Em 1980, o TPB foi introduzido no DSM-III, com base em um estudo de Spitzer et al., que se baseou tanto na pesquisa de Gunderson e colegas quanto no conceito de organização de personalidade borderline de Kernberg, incluindo problemas específicos de identidade e relacionamentos interpessoais caracterizados por mudanças súbitas de um extremo para outro (por exemplo, de tudo-bom para tudo-mau ou vice-versa). Esta pesquisa inicial mostrou que o TPB poderia ser discriminado com precisão suficiente tanto da esquizofrenia quanto da depressão (neurótica), bem como de outros transtornos de personalidade.
Nas mais de quatro décadas seguintes, uma infinidade de pesquisas foi realizada sobre o TPB, muito mais do que em qualquer outro transtorno de personalidade. Essas pesquisas focaram no diagnóstico do TPB, sua etiologia (incluindo genética, neurobiologia e interações entre genética/neurobiologia e experiências adversas na infância), epidemiologia, curso e prognóstico, cognição e a eficácia de farmacoterapias e psicoterapias.
A etiologia do TPB é multifatorial, envolvendo uma complexa interação de fatores genéticos e ambientais. Pesquisas apontam para uma predisposição genética ao transtorno, mas também enfatizam a importância de experiências adversas na infância, como abuso e negligência, na sua formação. O TPB é frequentemente acompanhado por outros transtornos psiquiátricos, o que pode complicar o diagnóstico e tratamento.
No que se refere ao tratamento, diversas modalidades de psicoterapia demonstraram eficácia. A terapia comportamental dialética, por exemplo, é especialmente projetada para o TPB, enfatizando a regulação emocional e o desenvolvimento de habilidades de enfrentamento. Outras abordagens, como a terapia baseada na mentalização e a terapia focada na transferência, também mostraram resultados promissores. A farmacoterapia pode ser usada para tratar sintomas específicos, mas não existe medicação aprovada especificamente para o TPB.

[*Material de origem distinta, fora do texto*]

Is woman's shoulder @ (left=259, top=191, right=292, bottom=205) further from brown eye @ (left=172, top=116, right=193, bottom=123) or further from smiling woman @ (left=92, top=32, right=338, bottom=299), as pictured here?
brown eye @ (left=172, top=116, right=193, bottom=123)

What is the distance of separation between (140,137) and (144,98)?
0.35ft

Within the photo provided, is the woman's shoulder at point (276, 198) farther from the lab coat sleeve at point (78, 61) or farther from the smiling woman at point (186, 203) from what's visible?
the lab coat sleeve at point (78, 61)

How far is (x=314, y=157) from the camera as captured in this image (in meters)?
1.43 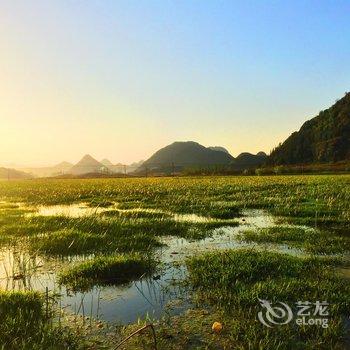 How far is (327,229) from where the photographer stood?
13961 mm

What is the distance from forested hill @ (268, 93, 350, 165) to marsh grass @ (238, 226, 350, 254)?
12683 centimetres

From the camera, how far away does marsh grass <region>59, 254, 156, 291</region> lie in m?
8.30

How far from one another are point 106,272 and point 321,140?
14818 centimetres

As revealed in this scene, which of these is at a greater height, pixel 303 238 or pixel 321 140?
pixel 321 140

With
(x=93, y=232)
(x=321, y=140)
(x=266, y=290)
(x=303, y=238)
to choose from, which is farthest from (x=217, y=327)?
(x=321, y=140)

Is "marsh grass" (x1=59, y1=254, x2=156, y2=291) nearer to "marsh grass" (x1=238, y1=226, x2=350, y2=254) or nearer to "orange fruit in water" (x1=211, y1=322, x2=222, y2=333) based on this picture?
"orange fruit in water" (x1=211, y1=322, x2=222, y2=333)

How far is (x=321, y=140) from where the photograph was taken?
482ft

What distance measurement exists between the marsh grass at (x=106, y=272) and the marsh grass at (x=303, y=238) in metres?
4.14

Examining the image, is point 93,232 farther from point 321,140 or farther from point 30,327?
point 321,140

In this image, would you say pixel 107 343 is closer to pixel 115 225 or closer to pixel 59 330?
pixel 59 330

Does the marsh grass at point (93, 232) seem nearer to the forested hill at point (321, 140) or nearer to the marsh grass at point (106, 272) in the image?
the marsh grass at point (106, 272)

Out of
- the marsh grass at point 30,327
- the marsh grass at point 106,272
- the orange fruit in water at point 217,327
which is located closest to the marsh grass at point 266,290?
the orange fruit in water at point 217,327

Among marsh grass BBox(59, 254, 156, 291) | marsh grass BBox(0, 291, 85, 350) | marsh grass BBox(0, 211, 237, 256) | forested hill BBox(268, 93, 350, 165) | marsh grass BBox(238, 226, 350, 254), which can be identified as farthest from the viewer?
forested hill BBox(268, 93, 350, 165)

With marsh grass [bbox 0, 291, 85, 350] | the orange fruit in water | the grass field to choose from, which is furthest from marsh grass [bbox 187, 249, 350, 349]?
marsh grass [bbox 0, 291, 85, 350] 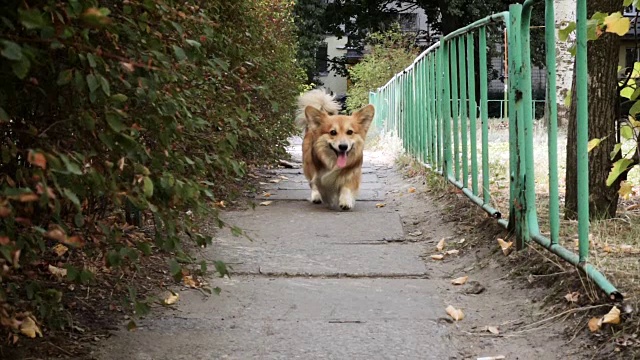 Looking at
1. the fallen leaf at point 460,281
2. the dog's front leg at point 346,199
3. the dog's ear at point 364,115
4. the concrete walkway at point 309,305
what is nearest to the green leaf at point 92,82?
the concrete walkway at point 309,305

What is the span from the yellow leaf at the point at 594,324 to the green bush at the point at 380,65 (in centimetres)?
1786

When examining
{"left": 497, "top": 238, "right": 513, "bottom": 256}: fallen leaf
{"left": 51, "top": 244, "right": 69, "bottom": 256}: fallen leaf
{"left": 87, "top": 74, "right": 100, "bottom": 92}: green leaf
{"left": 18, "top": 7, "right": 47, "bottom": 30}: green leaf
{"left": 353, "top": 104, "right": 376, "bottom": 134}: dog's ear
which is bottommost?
{"left": 497, "top": 238, "right": 513, "bottom": 256}: fallen leaf

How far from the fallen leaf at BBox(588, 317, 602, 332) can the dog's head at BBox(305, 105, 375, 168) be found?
415cm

O prognóstico do TPB varia. Embora muitos pacientes experimentem melhora significativa com o tratamento, outros continuam a lutar com os sintomas ao longo da vida. A intervenção precoce e o tratamento contínuo são cruciais para melhorar os resultados a longo prazo.

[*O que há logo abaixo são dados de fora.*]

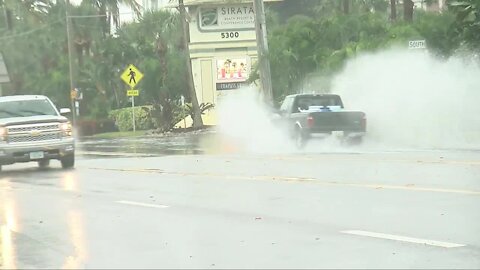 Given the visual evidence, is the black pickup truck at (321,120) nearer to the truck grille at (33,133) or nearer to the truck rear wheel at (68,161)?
the truck rear wheel at (68,161)

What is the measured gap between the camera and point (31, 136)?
22344mm

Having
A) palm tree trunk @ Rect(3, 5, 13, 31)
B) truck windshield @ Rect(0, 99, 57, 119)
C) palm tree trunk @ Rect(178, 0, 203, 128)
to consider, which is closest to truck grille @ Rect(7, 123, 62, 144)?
truck windshield @ Rect(0, 99, 57, 119)

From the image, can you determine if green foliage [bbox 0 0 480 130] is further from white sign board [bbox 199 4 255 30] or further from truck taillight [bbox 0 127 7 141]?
truck taillight [bbox 0 127 7 141]

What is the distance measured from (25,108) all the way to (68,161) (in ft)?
5.89

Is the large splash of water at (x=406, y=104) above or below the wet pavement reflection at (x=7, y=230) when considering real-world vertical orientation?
above

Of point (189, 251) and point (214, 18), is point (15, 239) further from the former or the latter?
point (214, 18)

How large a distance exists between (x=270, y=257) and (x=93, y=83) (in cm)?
5249

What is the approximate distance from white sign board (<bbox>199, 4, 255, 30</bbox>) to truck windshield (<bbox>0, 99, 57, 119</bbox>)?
27704 millimetres

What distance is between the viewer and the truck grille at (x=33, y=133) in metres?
22.2

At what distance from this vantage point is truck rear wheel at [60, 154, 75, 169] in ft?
75.6

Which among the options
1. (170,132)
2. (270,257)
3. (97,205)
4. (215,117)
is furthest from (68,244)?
(215,117)

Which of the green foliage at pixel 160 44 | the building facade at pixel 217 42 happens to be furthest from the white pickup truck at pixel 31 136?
the building facade at pixel 217 42

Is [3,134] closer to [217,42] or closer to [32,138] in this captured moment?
[32,138]

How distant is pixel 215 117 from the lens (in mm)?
49219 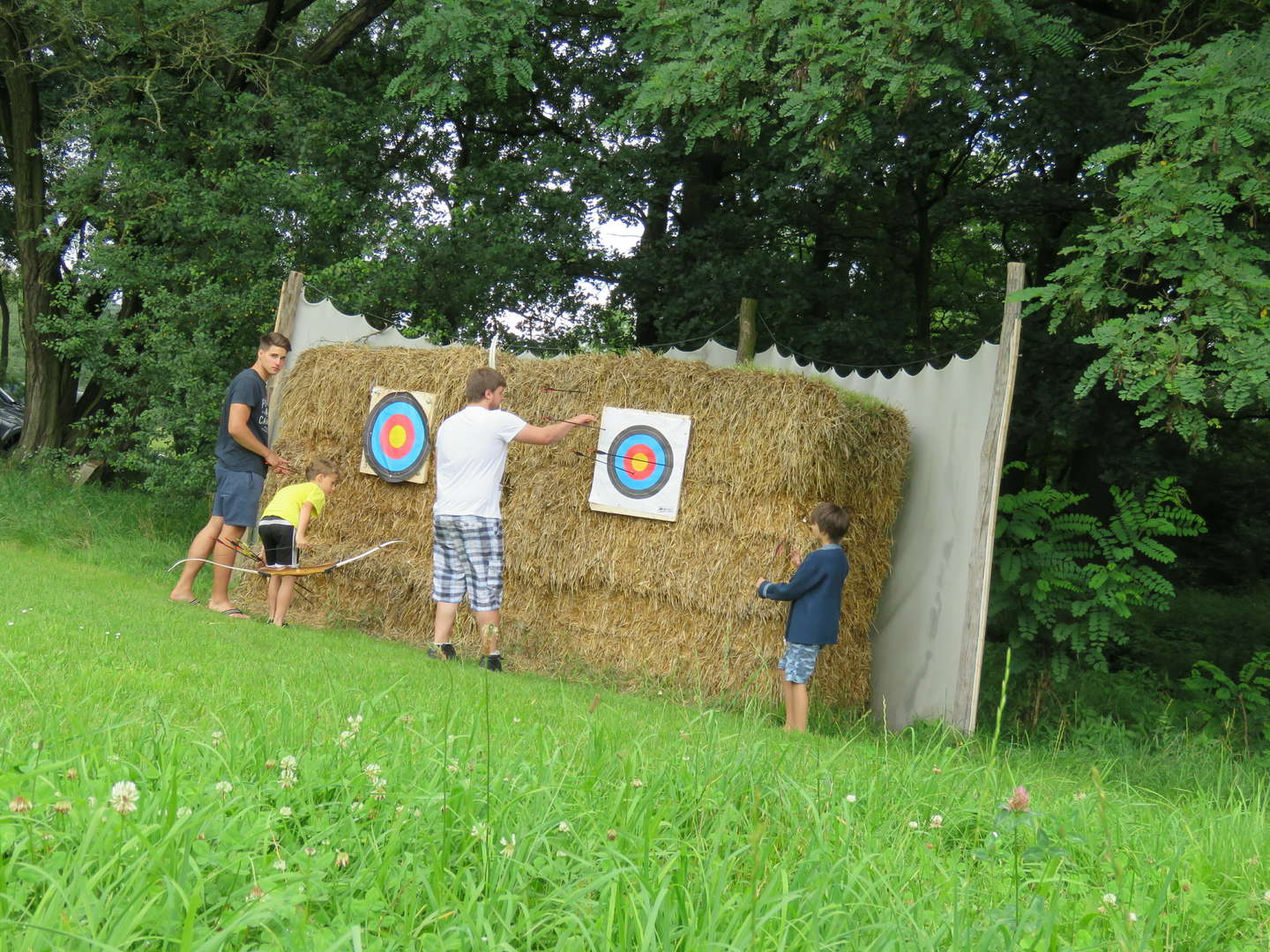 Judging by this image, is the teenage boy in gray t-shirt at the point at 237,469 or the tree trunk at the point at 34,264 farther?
the tree trunk at the point at 34,264

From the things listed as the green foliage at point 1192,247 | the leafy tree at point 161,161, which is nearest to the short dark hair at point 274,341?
the leafy tree at point 161,161

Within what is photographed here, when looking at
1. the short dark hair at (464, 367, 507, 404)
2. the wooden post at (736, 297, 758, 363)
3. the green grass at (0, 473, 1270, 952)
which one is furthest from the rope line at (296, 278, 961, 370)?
the green grass at (0, 473, 1270, 952)

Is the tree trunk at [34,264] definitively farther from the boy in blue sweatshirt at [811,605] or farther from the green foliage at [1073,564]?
the green foliage at [1073,564]

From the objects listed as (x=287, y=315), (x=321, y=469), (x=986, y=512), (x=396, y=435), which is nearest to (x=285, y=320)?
(x=287, y=315)

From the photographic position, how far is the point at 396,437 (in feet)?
27.0

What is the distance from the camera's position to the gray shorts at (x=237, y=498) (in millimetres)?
7336

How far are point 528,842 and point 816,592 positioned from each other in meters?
3.96

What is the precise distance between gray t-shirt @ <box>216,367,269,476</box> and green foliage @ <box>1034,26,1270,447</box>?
4.96m

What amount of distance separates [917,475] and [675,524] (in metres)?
1.66

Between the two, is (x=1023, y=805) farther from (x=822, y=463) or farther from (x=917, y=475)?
(x=917, y=475)

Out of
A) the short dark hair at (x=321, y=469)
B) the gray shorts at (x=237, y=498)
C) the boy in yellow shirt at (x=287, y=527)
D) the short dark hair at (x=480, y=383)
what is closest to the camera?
the short dark hair at (x=480, y=383)

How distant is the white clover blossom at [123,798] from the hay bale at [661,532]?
4.52m

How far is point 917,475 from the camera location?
23.9ft

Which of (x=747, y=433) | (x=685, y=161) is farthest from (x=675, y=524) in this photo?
(x=685, y=161) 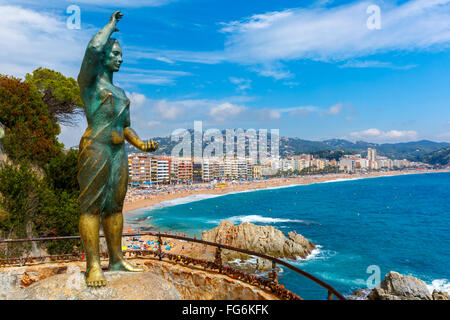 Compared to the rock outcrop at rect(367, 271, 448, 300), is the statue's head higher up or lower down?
higher up

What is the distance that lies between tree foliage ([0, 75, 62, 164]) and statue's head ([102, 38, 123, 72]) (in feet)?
42.2

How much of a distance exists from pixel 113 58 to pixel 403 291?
21972 mm

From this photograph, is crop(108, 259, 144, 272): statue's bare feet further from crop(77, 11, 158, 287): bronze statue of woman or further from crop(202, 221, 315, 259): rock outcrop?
crop(202, 221, 315, 259): rock outcrop

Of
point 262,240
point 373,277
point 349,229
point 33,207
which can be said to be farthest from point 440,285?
point 33,207

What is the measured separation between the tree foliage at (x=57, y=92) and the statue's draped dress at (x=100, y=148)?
17.1m

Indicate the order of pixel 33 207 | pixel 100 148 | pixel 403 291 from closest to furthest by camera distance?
pixel 100 148, pixel 33 207, pixel 403 291

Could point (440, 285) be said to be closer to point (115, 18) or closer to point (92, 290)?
point (92, 290)

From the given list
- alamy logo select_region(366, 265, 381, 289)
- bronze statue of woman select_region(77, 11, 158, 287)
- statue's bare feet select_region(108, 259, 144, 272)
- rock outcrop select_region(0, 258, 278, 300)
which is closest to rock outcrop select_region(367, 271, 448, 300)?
alamy logo select_region(366, 265, 381, 289)

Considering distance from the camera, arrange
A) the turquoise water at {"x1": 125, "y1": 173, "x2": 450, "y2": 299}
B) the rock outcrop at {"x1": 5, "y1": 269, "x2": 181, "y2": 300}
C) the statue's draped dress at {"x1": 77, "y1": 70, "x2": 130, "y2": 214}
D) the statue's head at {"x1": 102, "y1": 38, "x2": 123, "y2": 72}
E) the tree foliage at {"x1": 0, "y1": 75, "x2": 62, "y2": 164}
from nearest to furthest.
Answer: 1. the rock outcrop at {"x1": 5, "y1": 269, "x2": 181, "y2": 300}
2. the statue's draped dress at {"x1": 77, "y1": 70, "x2": 130, "y2": 214}
3. the statue's head at {"x1": 102, "y1": 38, "x2": 123, "y2": 72}
4. the tree foliage at {"x1": 0, "y1": 75, "x2": 62, "y2": 164}
5. the turquoise water at {"x1": 125, "y1": 173, "x2": 450, "y2": 299}

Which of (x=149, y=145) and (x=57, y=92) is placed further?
(x=57, y=92)

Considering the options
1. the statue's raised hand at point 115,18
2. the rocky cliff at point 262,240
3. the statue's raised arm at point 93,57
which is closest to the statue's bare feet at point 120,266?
the statue's raised arm at point 93,57

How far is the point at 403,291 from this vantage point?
64.5 feet

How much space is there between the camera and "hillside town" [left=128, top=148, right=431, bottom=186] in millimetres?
105250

Esta revisão destaca a necessidade de mais pesquisas, especialmente em áreas como a neurobiologia do TPB, para melhor entender suas causas e desenvolver tratamentos mais eficazes. Além disso, a revisão aponta para a necessidade de abordagens de tratamento individualizadas, dada a variabilidade na resposta dos pacientes às diferentes modalidades de terapia. As controvérsias atuais, como a classificação e o diagnóstico do TPB, também são áreas importantes para futuras pesquisas.